What my sisters mean to me
As the eldest of the four children of Joseph and Elizabeth Povish (may they rest in the peace of the Lord), and as their only son, my three sisters mean two things to me, the first being the grateful memories of years long past. It must have been difficult for them to tolerate me at times, because as the eldest I got privileges first and seemed to hold on to them the longest. My father, particularly, was more strict with his daughters than he was with his son. Yet Janet, Ione and Barbara supported me in all my endeavors, both before and during my nine years away at seminaries.
All the things you may have heard about “king seminarian” in a Catholic family 60 years ago were true with the Povishes.

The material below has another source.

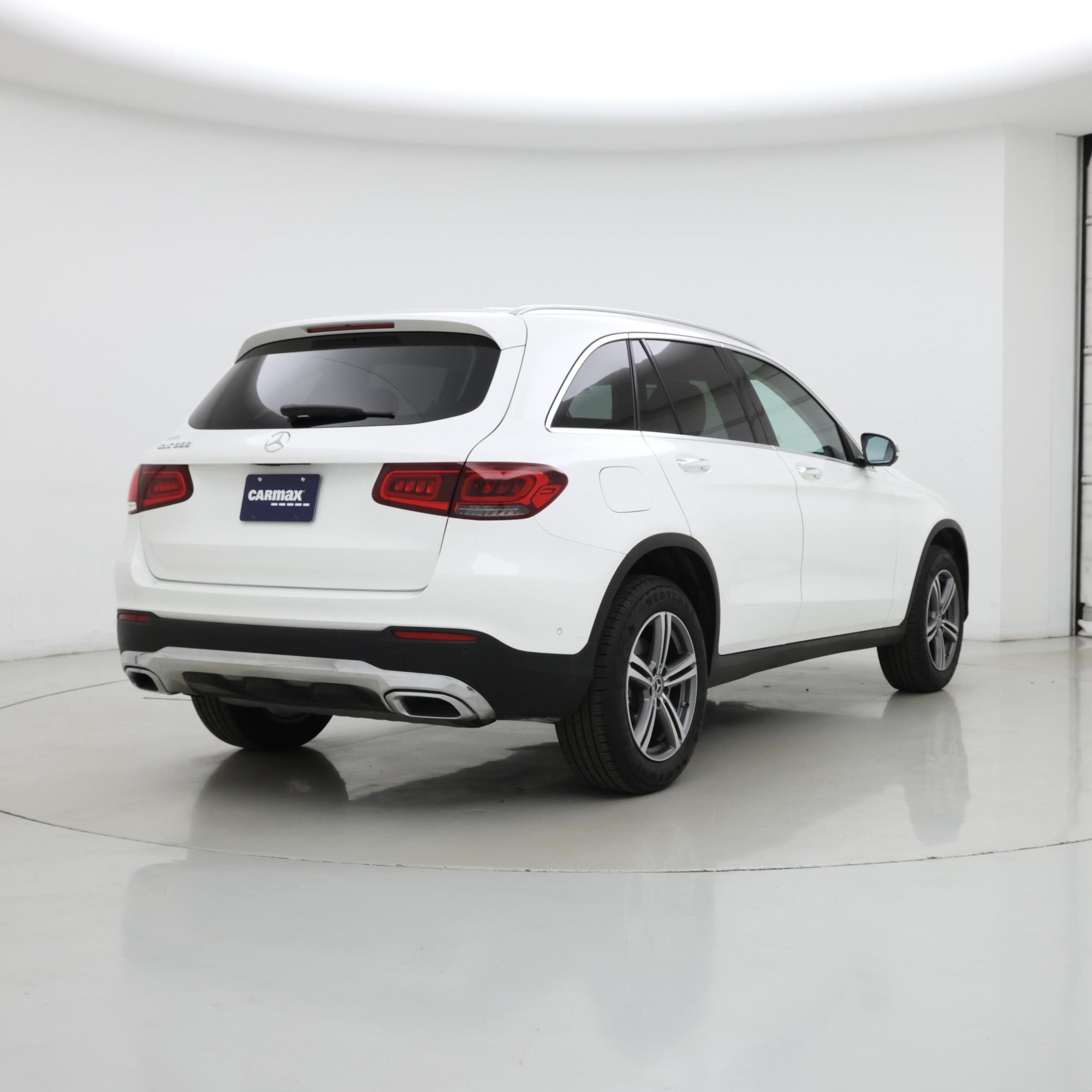 Thumbnail: 2020 Mercedes-Benz GLC - 8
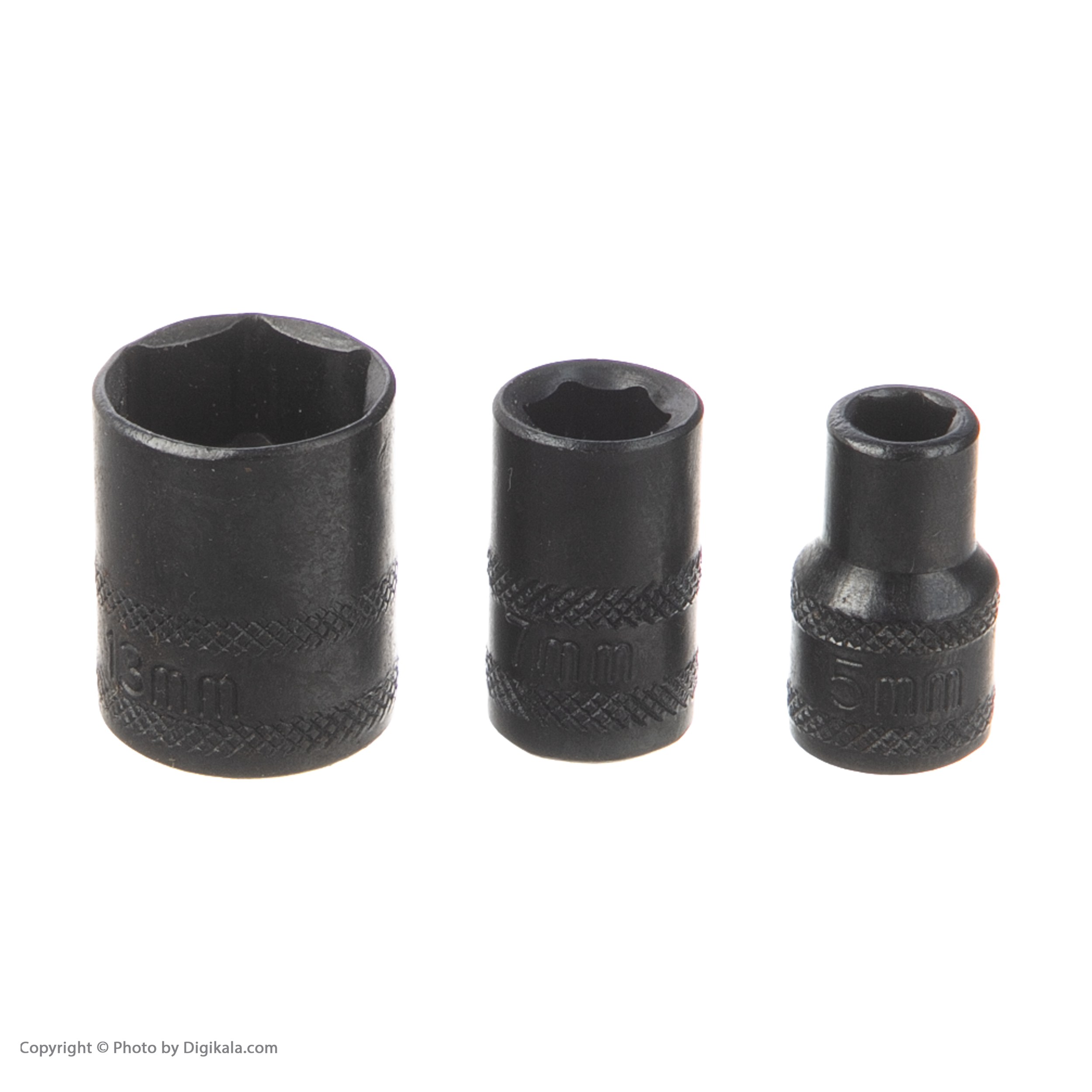 سری پیچ گوشتی جاب مدل JB-2711 بسته 69 عددی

Everything yielded to my needs, my schedule, even my preferences. It’s part of the family lore that for three years everything went on hold when my box of laundry arrived by mail from Grand Rapids on Tuesday afternoons at 2 p.m., because the seminary there had no laundry service. My mother washed, ironed, and packed in some goodies in time to beat the post office closing at 5 o’clock. To accomplish this the girls all had extra chores and dinner was late every Tuesday. What a nuisance that must have been.
After ordination, I witnessed the girls’ marriages, baptized their children and visited their homes regularly. They followed their husbands to where their work took them, to Iowa, to Indiana, and to Florida. I lived in Michigan and Minnesota, so the visits were not all that frequent; but when they happened they were joyous gatherings.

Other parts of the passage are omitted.